The majority of the district’s SROs — police officers contracted to nearly 30 district schools as security — are contracted from Louisville Metro Police. The 17 LMPD officers assigned to schools would be reassigned to street patrol under Fischer’s budget proposal, announced Thursday.
It confirms the fears of some in the district, who thought the budget cuts would make future contracts with LMPD and other agencies “prohibitively expensive.” It is unclear whether smaller police agencies will follow suit.
Fischer already canceled incoming LMPD recruiting classes to save money, creating a need for current officers to patrol.
JCPS is slated to vote on its budget May 14 — over a month before Louisville’s budget will play out. Without changes to the proposal or JCPS’ own budget, the district could see a gap in security for the coming school year.
“We are exploring what options we have available to us as we look at ways to support the schools that have LMPD SROs,” JCPS spokeswoman Renee Murphy said.

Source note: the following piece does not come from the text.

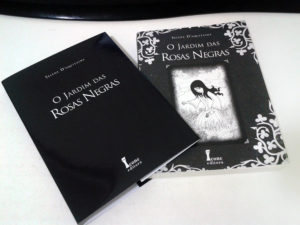 livro O Jardim das Rosas Negras - Selène d'Aquitaine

SRO contracts run through the current school year and are typically renewed in August. An in-house security team — an idea JCPS has tossed around for months — would not be able to come to fruition in time, Superintendent Marty Pollio said Tuesday.

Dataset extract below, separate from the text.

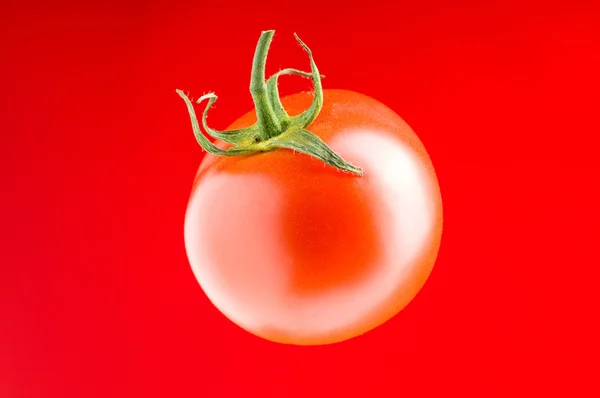Κόκκινη ντομάτα κλίση φόντο — Φωτογραφία Αρχείου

The district’s in-house team idea is not listed as a JCPS budget priority, despite recent questions about it from school board members in budget work sessions.

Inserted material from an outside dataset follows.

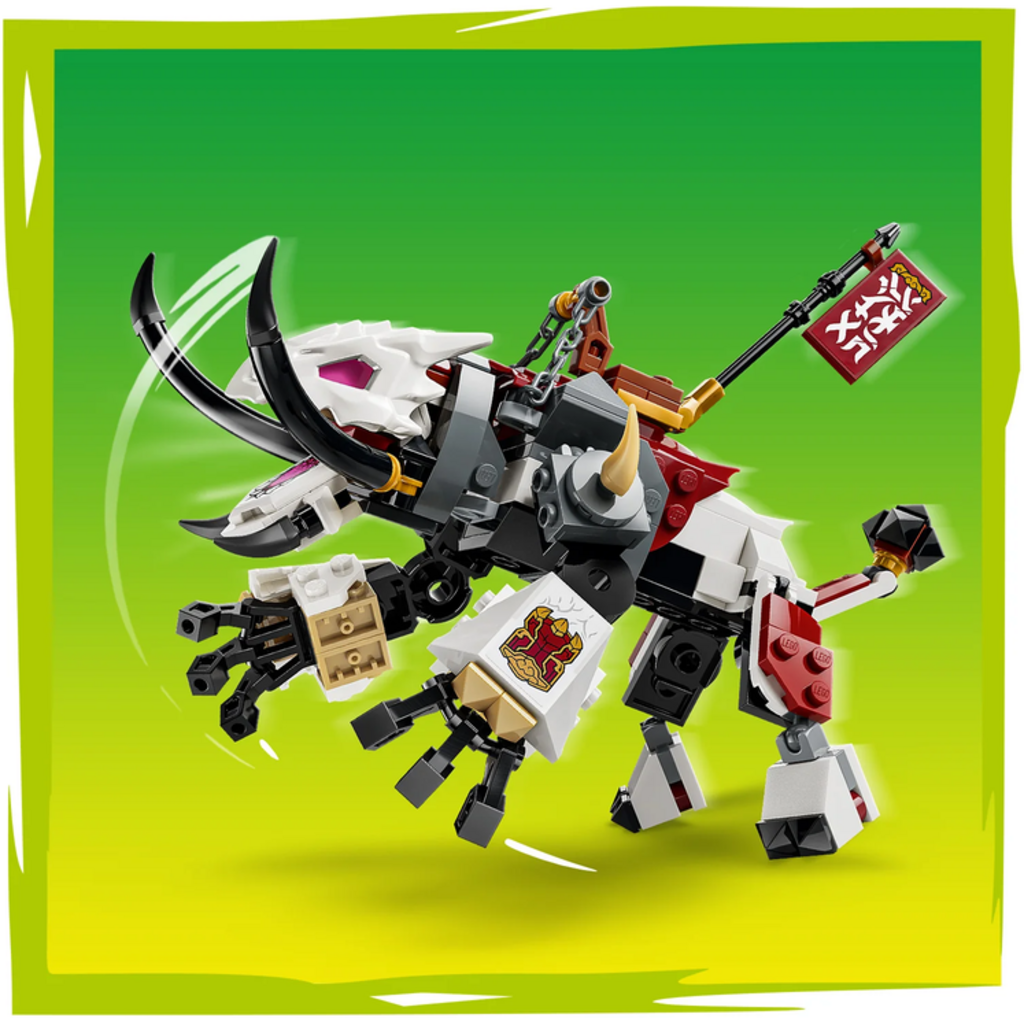LEGO ZILVAR AND GRIMTAK THE DRAGON BEAST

Fischer’s proposal is only the first step in deciding what to cut from the city’s $653 million budget to cover rising pension costs. The Metro Council will likely adjust the budget in the coming weeks before a final vote on June 25.
JCPS’ $1.7 billion budget is separate from the city’s, but some programs like the SROs are tied to the metro government.
Amidst building concerns over the role of police in schools, JCPS has been considering ending the SRO contracts on its own. An in-house security team would replace the officers and seems to have support from the school board.
Under the developing plan, the in-house team would report to JCPS — not an outside agency. The change would increase accountability, supporters say. It would also cost millions more to the district.
Key details of the plan, including whether security would be armed or have arrest powers, were not publicized before the district decided to delay the team’s creation for at least a year. At the earliest, the team could be created in time for the 2020-21 school year.